Истинно «советским» стало считаться пространство коллективизованных субъектов, в котором позиция стороннего наблюдателя не только не ценна, но и невозможна; это пространство неструктурированной цельности, воспитывающее в зрителе скорее квазирелигиозную эйфорию, чем рефлексивную способность. Если пейзажисты XIX века своими пространственными построениями (размах целого + центричность) до предела усиливали проблему под названием «трагедия мыслящего субъекта в обществе», то «коллективизирующая» эстетика советского искусства — уже не в рамках пейзажа, но с большим размахом — инсценировала утопию разрешенности этой проблемы, единения всех со всеми — всех, за исключением тех, кто хотел бы занять позицию независимого наблюдателя.

Именно такой тип пространства явился точкой отсчета, полемики и иронической рефлексии для художников второй половины XX века. Илья Кабаков в своей знаменитой инсталляции «Человек, улетевший в космос из своей комнаты» (1986) воспринимает это пространство как типично «советское»: согласно тексту к инсталляции, обитатель коммунальной квартиры строил у себя в комнате некую странную машину, позволяющую ловить мировые энергии, пока соседи, услышав страшный шум, не ворвались в комнату и не застали на месте только дыру в потолке (то же самое застает и зритель). Стены в комнате главного героя покрыты вместо обоев фотоплакатами, так что пространство сильно напоминает упомянутые выставочные композиции Лисицкого — из которых, по Кабакову, можно бежать, только если свой «взгляд вверх» вооружить адской силой мистической машины.

Для московского художника 1990-х годов тот же самый тип пространства — переживаемого изнутри, при запрете на рефлексивную способность — является уже типично «русским», поскольку коррелирует с изоляционистской конструкцией «русского», определявшей идеологический ландшафт страны в середине1990-х. В ироническом, даже почти сатирическом проекте современного московского художника Олега Кулика «В глубь России» (1993, книга, исполненная совместно с писателем Владимиром Сорокиным) Кулик запечатлел себя на одной из фотографий якобы засунувшим голову в вагину коровы. Возможно, там, внутри, он еще и поднимает глаза вверх, чтобы уйти уж совсем вглубь, от своего «Я». Но увидеть это никому, кроме автора, не удастся.

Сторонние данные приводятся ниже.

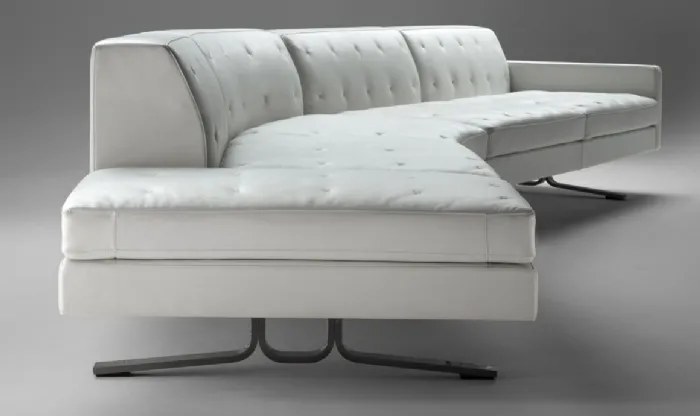 Il divano Kennedee di Poltrona Frau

[1] Галич А. И. Опыт науки изящного // Русские эстетические трактаты первой трети XIX века. М., 1974. Т. 2. C. 242.

[2] Цит. по кн.: Пикулев И. Иван Иванович Шишкин. 1832–1898. М., 1955. C. 195.

[3] Гоголь Н. В. Мертвые души. М., 1980. С. 209.

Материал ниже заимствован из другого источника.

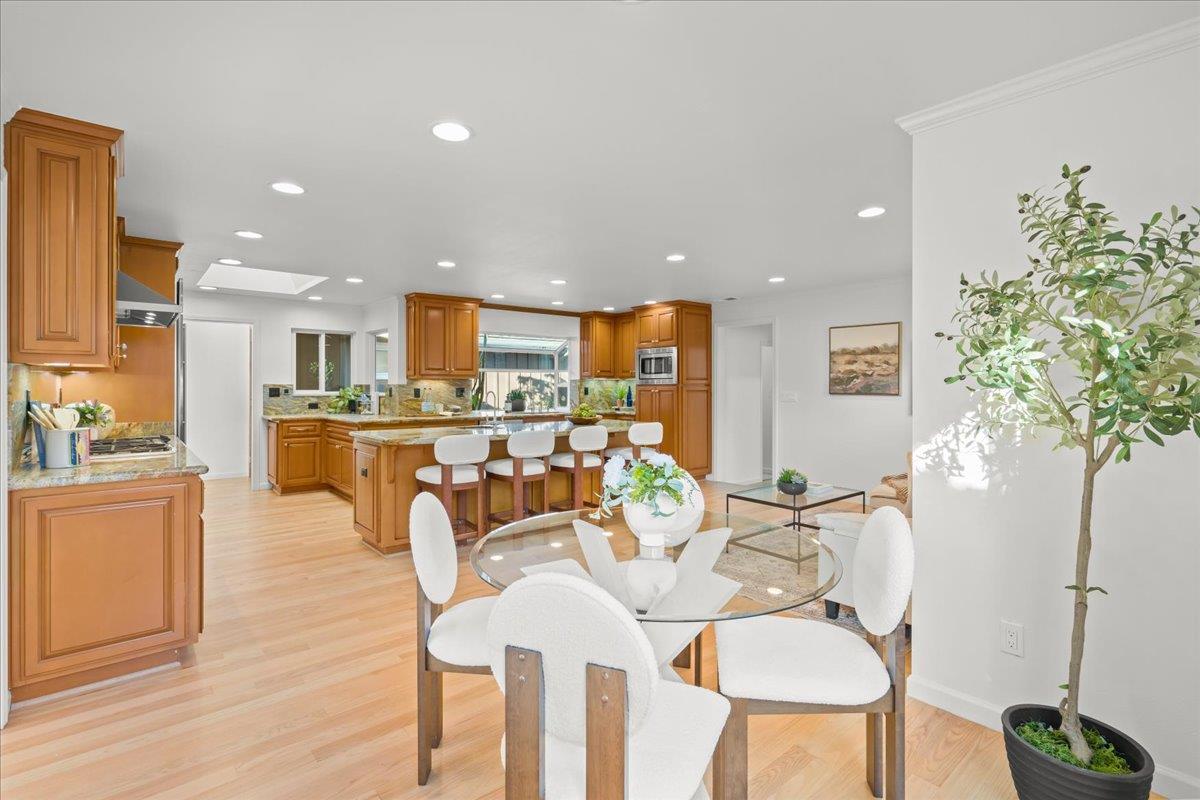 Detail Gallery Image 32 of 62 For 12095 Brookglen Dr, Saratoga,  CA 95070 - 4 Beds | 2/1 Baths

[4] Плещеев А. Н. Полное собрание стихотворений. М.; Л., 1964. С. 159.

[5] Никитин И. С. Полное собрание стихотворений. М.; Л., 1965. С. 81.

[6] Некрасов Н. А. Полное собрание сочинений и писем. М., 1948. Т. 2. С. 92–93.

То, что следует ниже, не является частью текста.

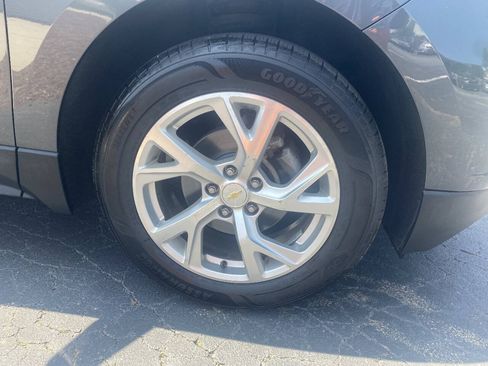 Used 2018 Chevrolet Equinox Premier AWD/4WD image 10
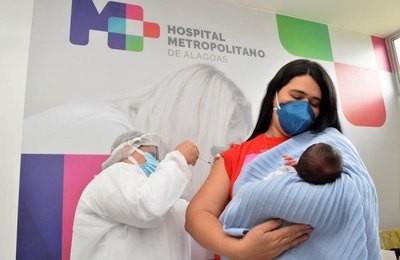 828.275 doses das vacinas contra a Covid-19 foram aplicadas em Alagoas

[7] Цит. по кн.: Юрова Т. В. Михаил Иванович Лебедев. 1811–1837. М., 1971. С. 61.

[8] См. об этом: Прокофьев В. О «перцептивной перспективе» и перспективах в живописи // Раушенбах Б. В. Пространственные построения в древнерусской живописи. М., 1975. С. 171.

[9] Воспроизведен в кн.: Мальцева Ф. С. Федор Александрович Васильев. 1850–1873. М., 1984. С.51.

[10] Цит. по кн.: Переписка И. Н. Крамского. М., 1954. Т. 2. С. 31.

[11] Гете Иоганн Вольфганг. Об искусстве. М., 1975. С. 371

[12] Переписка И. Н. Крамского. С. 128.

[13] Там же. С. 188.

[14] Там же. С. 48.

[15] Кандинский В. В. Избранные труды по теории искусства. М.: Гилея, 2001. Т. 1. С. 280.

[16] Степанова Варвара. Человек не может жить без чуда: Письма. Поэтические опыты. Записи художницы. М.: Сфера, 1994. С. 202–203.